= EXERCISE =
Would you transcribe the line containing "Past Master Blue" and every line after it, through the end of the records below, exactly and with nothing else?
### RECORDS PROVIDED
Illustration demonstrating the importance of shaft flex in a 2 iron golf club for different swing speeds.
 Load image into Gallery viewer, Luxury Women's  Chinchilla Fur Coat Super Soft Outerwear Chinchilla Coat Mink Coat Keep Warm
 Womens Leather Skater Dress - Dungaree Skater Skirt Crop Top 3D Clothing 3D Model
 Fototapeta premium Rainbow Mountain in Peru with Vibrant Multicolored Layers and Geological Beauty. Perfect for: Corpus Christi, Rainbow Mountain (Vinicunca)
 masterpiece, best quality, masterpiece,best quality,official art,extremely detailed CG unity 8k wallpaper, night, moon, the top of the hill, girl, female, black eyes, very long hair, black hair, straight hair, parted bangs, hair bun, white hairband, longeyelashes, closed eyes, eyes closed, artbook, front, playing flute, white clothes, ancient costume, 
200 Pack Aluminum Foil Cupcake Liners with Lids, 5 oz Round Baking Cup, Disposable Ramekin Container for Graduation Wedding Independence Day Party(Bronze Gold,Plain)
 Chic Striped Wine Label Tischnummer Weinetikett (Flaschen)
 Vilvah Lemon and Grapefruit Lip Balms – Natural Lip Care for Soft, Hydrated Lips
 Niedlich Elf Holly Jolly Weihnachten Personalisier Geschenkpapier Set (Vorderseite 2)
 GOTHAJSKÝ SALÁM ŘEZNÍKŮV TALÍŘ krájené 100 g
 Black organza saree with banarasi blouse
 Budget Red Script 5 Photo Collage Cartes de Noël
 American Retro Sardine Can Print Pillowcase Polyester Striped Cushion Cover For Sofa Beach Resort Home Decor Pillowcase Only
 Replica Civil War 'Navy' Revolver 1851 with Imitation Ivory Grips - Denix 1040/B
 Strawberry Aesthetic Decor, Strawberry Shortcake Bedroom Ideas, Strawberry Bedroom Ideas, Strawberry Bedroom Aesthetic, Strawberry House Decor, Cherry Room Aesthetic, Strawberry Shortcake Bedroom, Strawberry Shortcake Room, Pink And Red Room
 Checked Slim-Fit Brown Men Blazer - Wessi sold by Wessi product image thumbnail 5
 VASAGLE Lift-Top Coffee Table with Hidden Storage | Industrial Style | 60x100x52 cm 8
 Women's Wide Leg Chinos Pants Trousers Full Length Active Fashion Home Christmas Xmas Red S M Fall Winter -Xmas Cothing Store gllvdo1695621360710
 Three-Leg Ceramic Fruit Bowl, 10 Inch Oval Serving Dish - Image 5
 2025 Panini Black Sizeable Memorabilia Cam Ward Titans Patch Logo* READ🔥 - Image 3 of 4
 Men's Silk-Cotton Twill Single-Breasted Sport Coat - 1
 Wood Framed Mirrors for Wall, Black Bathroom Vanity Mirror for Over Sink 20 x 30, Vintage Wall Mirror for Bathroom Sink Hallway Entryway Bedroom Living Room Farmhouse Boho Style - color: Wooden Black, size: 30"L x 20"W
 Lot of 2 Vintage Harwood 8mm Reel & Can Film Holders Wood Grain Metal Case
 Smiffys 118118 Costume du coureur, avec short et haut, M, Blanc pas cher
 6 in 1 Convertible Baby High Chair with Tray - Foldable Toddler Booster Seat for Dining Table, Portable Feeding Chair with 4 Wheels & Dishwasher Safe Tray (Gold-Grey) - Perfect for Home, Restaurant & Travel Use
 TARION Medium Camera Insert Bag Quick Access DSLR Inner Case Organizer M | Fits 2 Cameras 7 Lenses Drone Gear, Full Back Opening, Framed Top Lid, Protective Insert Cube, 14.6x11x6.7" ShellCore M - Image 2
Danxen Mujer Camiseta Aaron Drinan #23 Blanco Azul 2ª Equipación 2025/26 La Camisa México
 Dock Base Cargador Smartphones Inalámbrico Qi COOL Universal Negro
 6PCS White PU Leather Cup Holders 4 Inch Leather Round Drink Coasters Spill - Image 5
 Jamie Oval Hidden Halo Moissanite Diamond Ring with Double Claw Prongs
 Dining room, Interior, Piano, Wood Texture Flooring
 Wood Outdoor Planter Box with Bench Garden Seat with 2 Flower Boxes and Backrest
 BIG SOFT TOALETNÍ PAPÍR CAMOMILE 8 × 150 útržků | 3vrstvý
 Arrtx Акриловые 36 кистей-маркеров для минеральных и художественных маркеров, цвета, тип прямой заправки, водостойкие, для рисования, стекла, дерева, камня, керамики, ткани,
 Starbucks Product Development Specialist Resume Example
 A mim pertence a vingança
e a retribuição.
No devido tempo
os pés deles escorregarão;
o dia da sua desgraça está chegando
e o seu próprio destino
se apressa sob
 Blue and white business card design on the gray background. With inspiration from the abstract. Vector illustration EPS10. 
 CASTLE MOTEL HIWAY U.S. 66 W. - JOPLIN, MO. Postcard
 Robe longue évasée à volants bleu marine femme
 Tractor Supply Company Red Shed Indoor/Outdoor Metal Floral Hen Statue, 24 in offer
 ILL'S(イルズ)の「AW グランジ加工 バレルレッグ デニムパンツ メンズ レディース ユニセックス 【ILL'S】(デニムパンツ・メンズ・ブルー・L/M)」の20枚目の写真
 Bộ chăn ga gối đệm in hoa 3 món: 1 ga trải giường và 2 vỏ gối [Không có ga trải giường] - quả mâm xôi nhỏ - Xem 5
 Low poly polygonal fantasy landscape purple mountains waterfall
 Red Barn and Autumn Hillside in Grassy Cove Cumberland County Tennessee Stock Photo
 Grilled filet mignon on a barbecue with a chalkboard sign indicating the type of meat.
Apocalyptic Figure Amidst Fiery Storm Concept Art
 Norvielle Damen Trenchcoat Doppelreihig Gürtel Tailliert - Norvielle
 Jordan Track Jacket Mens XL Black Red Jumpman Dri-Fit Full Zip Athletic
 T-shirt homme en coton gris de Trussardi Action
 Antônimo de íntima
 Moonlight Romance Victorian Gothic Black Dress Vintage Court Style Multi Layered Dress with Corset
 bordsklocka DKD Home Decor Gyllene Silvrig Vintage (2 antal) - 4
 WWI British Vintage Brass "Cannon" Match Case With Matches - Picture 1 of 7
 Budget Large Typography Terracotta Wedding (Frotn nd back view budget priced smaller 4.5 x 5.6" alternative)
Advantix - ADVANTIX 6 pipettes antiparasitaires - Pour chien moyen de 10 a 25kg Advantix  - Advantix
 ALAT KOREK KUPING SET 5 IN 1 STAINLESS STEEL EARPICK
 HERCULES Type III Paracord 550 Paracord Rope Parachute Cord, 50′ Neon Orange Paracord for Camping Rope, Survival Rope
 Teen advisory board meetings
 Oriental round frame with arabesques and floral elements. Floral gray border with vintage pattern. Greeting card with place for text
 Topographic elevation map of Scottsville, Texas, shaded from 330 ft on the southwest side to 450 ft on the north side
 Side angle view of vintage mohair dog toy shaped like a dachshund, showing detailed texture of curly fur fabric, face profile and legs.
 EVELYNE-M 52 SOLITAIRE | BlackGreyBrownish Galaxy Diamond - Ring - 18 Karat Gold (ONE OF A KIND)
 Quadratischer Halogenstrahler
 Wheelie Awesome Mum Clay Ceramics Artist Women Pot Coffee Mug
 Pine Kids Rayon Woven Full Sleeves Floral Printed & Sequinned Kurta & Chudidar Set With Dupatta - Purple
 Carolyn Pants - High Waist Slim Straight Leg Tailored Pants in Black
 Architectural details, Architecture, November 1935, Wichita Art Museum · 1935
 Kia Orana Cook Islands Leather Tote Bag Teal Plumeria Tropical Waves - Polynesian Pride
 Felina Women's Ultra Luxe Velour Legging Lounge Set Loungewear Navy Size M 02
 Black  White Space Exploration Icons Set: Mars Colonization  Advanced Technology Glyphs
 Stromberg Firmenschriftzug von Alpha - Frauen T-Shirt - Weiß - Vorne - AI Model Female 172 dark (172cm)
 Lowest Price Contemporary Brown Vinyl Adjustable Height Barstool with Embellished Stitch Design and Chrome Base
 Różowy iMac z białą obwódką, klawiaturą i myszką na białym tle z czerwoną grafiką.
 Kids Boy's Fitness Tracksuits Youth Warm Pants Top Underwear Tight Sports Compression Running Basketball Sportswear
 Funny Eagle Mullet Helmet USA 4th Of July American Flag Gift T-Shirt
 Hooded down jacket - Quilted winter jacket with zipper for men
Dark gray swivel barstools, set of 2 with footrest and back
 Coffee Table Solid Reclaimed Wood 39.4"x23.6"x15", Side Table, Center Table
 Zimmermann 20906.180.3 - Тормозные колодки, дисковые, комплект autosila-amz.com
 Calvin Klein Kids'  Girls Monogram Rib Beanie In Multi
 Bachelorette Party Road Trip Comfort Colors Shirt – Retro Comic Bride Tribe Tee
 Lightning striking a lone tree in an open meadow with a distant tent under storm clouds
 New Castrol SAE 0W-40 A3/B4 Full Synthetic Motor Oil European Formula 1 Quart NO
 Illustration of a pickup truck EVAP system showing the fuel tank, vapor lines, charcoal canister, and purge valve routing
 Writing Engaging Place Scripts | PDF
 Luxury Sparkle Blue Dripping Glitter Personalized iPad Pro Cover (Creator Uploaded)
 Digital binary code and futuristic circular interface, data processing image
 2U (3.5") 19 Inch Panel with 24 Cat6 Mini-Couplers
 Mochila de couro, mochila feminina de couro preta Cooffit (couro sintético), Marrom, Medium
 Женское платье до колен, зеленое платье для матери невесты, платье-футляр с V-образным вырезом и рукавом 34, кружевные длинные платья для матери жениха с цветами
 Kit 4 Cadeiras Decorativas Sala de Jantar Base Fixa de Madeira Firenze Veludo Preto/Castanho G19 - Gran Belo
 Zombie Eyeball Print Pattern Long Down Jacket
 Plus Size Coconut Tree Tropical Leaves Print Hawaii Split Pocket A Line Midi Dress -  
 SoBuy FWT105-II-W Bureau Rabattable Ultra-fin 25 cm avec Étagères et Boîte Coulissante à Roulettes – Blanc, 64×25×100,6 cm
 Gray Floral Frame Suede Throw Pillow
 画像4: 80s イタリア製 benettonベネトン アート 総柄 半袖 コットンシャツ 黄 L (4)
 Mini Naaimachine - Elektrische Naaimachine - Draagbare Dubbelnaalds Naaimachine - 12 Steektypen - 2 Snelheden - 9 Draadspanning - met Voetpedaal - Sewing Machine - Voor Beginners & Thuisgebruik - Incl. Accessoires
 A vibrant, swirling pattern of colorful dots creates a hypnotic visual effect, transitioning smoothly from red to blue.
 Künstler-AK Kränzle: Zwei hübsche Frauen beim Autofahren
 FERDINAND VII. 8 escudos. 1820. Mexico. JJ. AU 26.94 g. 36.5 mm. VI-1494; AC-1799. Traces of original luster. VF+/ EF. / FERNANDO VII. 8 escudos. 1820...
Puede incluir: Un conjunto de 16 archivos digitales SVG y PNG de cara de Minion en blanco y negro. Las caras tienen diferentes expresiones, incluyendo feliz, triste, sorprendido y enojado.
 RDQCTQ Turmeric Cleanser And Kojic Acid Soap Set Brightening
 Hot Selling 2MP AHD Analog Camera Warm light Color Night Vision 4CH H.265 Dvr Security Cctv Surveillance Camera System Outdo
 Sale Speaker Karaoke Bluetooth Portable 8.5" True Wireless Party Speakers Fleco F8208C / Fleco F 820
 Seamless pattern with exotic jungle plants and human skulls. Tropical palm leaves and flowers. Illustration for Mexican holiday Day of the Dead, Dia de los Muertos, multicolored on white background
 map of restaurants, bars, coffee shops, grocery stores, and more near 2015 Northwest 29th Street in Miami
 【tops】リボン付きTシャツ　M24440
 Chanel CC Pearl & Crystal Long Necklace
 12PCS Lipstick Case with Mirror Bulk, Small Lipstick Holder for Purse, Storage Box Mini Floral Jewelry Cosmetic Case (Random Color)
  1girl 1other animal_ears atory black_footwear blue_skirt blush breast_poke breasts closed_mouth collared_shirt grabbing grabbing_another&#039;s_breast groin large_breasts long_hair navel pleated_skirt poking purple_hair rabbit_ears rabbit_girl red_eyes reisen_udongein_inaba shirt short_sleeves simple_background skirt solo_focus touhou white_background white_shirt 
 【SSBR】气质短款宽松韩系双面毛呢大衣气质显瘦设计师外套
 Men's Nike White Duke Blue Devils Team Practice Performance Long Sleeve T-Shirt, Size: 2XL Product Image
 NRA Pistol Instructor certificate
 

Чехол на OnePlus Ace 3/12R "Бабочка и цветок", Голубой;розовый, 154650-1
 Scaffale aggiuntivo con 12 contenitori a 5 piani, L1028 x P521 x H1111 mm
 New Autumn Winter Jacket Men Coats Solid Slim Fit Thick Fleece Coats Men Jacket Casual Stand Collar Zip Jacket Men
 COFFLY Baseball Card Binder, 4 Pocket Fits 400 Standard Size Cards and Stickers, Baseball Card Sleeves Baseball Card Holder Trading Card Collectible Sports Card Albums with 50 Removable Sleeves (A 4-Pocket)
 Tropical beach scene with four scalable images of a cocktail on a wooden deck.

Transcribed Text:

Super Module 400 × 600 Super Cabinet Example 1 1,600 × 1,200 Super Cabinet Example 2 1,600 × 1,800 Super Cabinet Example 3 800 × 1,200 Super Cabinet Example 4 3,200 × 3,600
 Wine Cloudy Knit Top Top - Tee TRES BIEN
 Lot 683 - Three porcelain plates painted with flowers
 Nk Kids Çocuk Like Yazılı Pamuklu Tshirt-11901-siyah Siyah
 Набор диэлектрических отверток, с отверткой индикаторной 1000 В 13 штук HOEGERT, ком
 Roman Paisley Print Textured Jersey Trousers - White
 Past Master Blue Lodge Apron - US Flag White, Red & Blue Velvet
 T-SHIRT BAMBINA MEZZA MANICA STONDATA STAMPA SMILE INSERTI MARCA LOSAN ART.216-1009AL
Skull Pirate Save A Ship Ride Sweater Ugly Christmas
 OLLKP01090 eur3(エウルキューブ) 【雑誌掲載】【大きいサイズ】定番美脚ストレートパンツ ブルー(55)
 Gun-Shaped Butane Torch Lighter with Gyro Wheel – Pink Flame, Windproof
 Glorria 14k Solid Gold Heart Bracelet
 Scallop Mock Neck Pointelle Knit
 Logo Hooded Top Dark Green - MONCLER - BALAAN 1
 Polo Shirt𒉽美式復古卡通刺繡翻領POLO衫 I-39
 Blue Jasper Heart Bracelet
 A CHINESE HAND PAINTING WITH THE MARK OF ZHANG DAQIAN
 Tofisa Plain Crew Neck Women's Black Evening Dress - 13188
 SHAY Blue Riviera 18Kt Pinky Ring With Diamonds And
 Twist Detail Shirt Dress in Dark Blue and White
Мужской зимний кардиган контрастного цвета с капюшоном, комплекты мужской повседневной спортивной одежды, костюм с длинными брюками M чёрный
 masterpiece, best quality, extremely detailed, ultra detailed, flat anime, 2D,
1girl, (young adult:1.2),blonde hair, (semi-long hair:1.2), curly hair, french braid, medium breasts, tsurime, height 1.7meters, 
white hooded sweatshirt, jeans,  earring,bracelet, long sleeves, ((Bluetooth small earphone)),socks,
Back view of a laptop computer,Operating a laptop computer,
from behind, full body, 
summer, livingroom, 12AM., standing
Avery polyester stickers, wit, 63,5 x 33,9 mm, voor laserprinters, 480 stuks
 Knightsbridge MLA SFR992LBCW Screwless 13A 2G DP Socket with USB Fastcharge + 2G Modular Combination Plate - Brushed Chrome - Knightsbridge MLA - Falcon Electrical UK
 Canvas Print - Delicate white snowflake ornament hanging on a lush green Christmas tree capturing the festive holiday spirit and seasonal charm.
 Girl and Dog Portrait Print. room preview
######
= RESULT BELOW =
 Past Master Blue Lodge Apron - US Flag White, Red & Blue Velvet
 T-SHIRT BAMBINA MEZZA MANICA STONDATA STAMPA SMILE INSERTI MARCA LOSAN ART.216-1009AL
Skull Pirate Save A Ship Ride Sweater Ugly Christmas
 OLLKP01090 eur3(エウルキューブ) 【雑誌掲載】【大きいサイズ】定番美脚ストレートパンツ ブルー(55)
 Gun-Shaped Butane Torch Lighter with Gyro Wheel – Pink Flame, Windproof
 Glorria 14k Solid Gold Heart Bracelet
 Scallop Mock Neck Pointelle Knit
 Logo Hooded Top Dark Green - MONCLER - BALAAN 1
 Polo Shirt𒉽美式復古卡通刺繡翻領POLO衫 I-39
 Blue Jasper Heart Bracelet
 A CHINESE HAND PAINTING WITH THE MARK OF ZHANG DAQIAN
 Tofisa Plain Crew Neck Women's Black Evening Dress - 13188
 SHAY Blue Riviera 18Kt Pinky Ring With Diamonds And
 Twist Detail Shirt Dress in Dark Blue and White
Мужской зимний кардиган контрастного цвета с капюшоном, комплекты мужской повседневной спортивной одежды, костюм с длинными брюками M чёрный
 masterpiece, best quality, extremely detailed, ultra detailed, flat anime, 2D,
1girl, (young adult:1.2),blonde hair, (semi-long hair:1.2), curly hair, french braid, medium breasts, tsurime, height 1.7meters, 
white hooded sweatshirt, jeans,  earring,bracelet, long sleeves, ((Bluetooth small earphone)),socks,
Back view of a laptop computer,Operating a laptop computer,
from behind, full body, 
summer, livingroom, 12AM., standing
Avery polyester stickers, wit, 63,5 x 33,9 mm, voor laserprinters, 480 stuks
 Knightsbridge MLA SFR992LBCW Screwless 13A 2G DP Socket with USB Fastcharge + 2G Modular Combination Plate - Brushed Chrome - Knightsbridge MLA - Falcon Electrical UK
 Canvas Print - Delicate white snowflake ornament hanging on a lush green Christmas tree capturing the festive holiday spirit and seasonal charm.
 Girl and Dog Portrait Print. room preview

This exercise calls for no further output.